Засим остаюсь покорнейший и вернейший слуга Ваш, Ходецкий».
– Что там? – спросила Тереза.
– Да так… Ничего… Это новый заказ, – растерянно пробормотал литератор.
– Опять заказ?! – всплеснула руками женщина. – Смотри, как бы тебя снова не облапошили!
– Нет-нет, – пробормотал Помье, спешно натягивая кафтан. – Это совсем другое дело… На этот раз… Словом… Потом объясню…
– Ты куда на ночь глядя?
Помье не ответил. Он уже бежал вниз по лестнице, ощупью пересчитывая в кармане последние су на извозчика. До улицы Папийон можно было бы, конечно, дойти и пешком, но Ходецкий велел торопиться! Необычайное радостное предвкушение вдруг захватило Помье: теперь он был уверен, что до славы и богатства уже рукой подать.
До улицы Папийон литератор добрался уже в сумерках. Жилище Ходецкого, и без того овеянное таинственностью своего обитателя, казалось в полумраке еще более загадочным. Служанка домовладелицы указала Помье путь к квартире того, кто жил под фамилией Кавальон.
– Неужто вы не боитесь ходить к такому человеку? – произнесла она еле слышно, перед тем как исчезнуть.
– Я должен бояться?
– Месье Кавальона многие опасаются. Что до меня, то я всегда трепещу, когда вижу его!
– Отчего же?
– Говорят, он имеет власть как над живыми, так и над мертвыми.
– Не понимаю, о чем это ты говоришь?
– Не понимаете? Так вы, видать, еще ни разу его и не видели, сударь? Всякий, кто хоть несколько минут разговаривал с Кавальоном, говорит, что это непростой человек…
– Да что же в нем непростого?!
– Простите меня… Я не смею говорить… Боюсь, как бы наш могущественный жилец не покарал меня за излишнюю болтливость… – Потупившись, служанка замерла.
Помье понял, чего она ждет, и сунул в маленькую девичью ручку, покрытую цыпками, последнюю медную монету.
«Ни разу не видел! – повторил он про себя. – Ну и ну! Ведь я же добрых два часа просидел с ним бок о бок! Впрочем… Я не очень хорошо рассматривал этого Кавальона… Может статься, действительно что-то в нем не углядел. Бьюсь об заклад, во всем этом кроется какая-то тайна, и мне не терпится ее разгадать!»

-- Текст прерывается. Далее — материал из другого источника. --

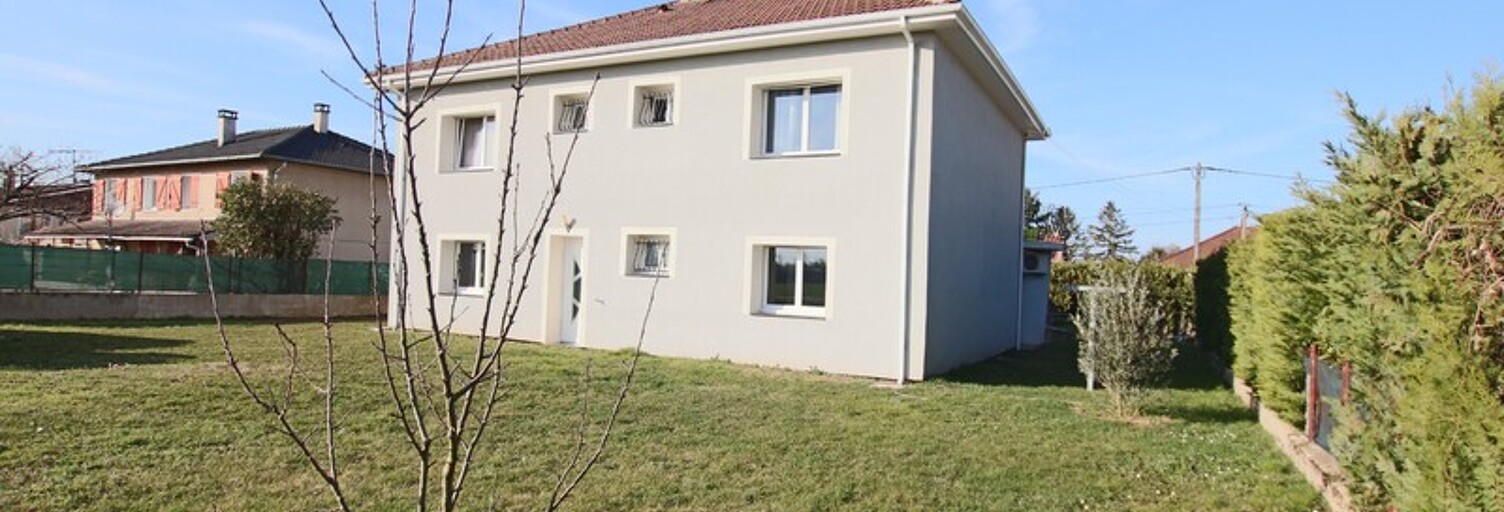 Maison 6 Pièces 200 m² à vendre à Chavanoz (38230)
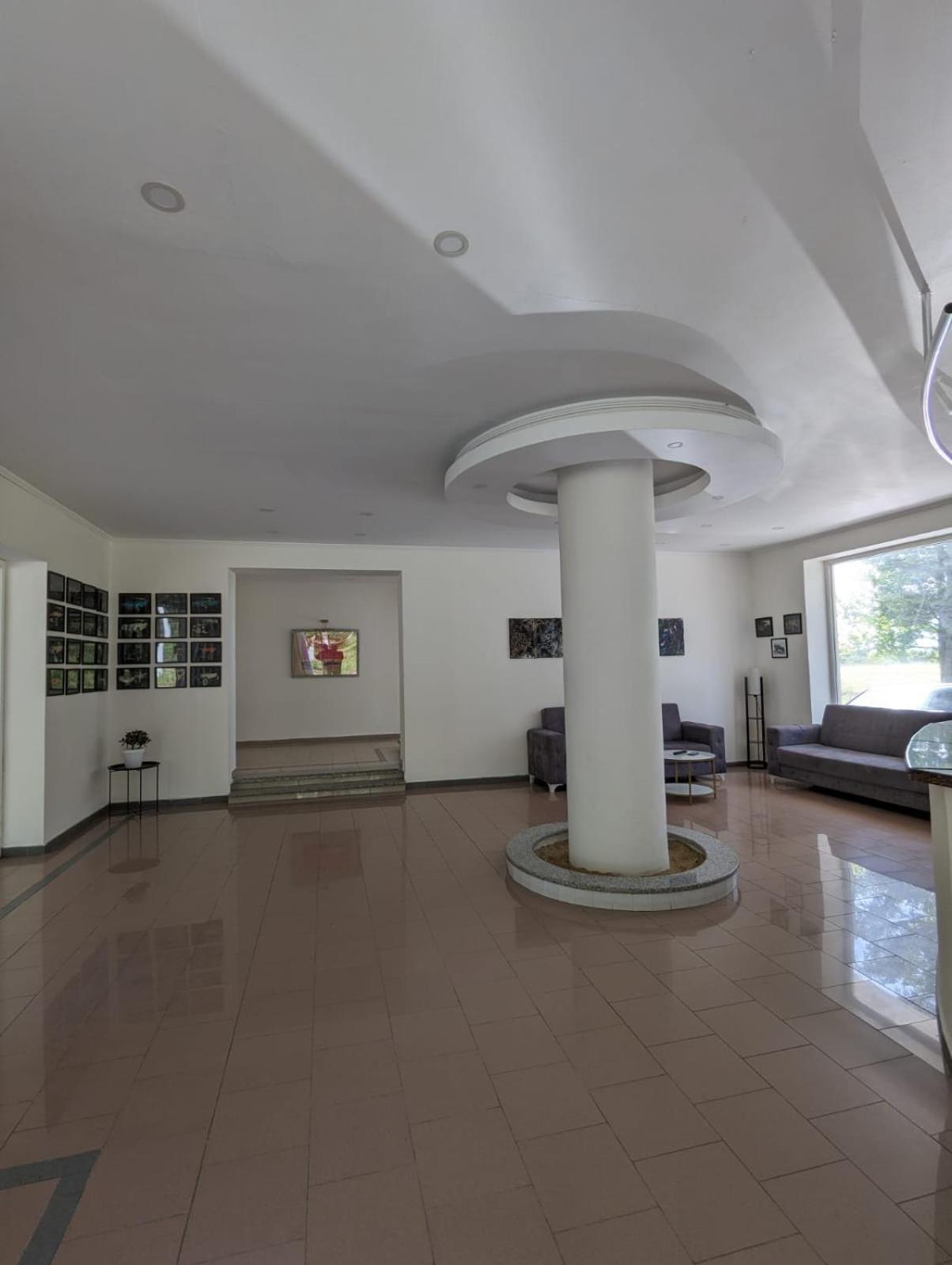 Hotel Tsiskari Ianet'i Ngoại thất bức ảnh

Однако до разгадок было далеко, а вот новые загадки появлялись на каждом шагу. Едва Помье занес руку, чтобы постучать в дверь квартиры Кавальона, как она открылась сама собой. Ошарашенному писателю показалось, будто перед ним вход в иную вселенную: из полумрака, царившего в обиталище таинственного жильца, лились звуки чудесной мелодии, воздух за дверью был напоен удивительным благоуханием восточных ароматов – даже лучше, чем духи, которыми брызгался в тюрьме виконт д’Эрикур, запах которых литератор еще не забыл. Помье шагнул на порог и едва не столкнулся лбом с высоким стройным лакеем, неподвижно стоявшим у входа. Чуть поодаль вежливо склонил голову еще один слуга. Ни тот ни другой не проронили ни слова, когда писатель тихонько прошел мимо них. Попривыкнув к темноте, он различил в глубине передней двух прекрасных девушек, одетых восточными одалисками. В позах обеих выражались смирение и покорность. «Надо же, сколько у Кавальона прислуги! – подумал Помье. – Да какой необычной, какой вышколенной! Никто из этих ребят не потребовал у меня чаевых. Видать, хозяин платит им немало! Да, черт возьми, судя по всему, он богаче, чем мне казалось!»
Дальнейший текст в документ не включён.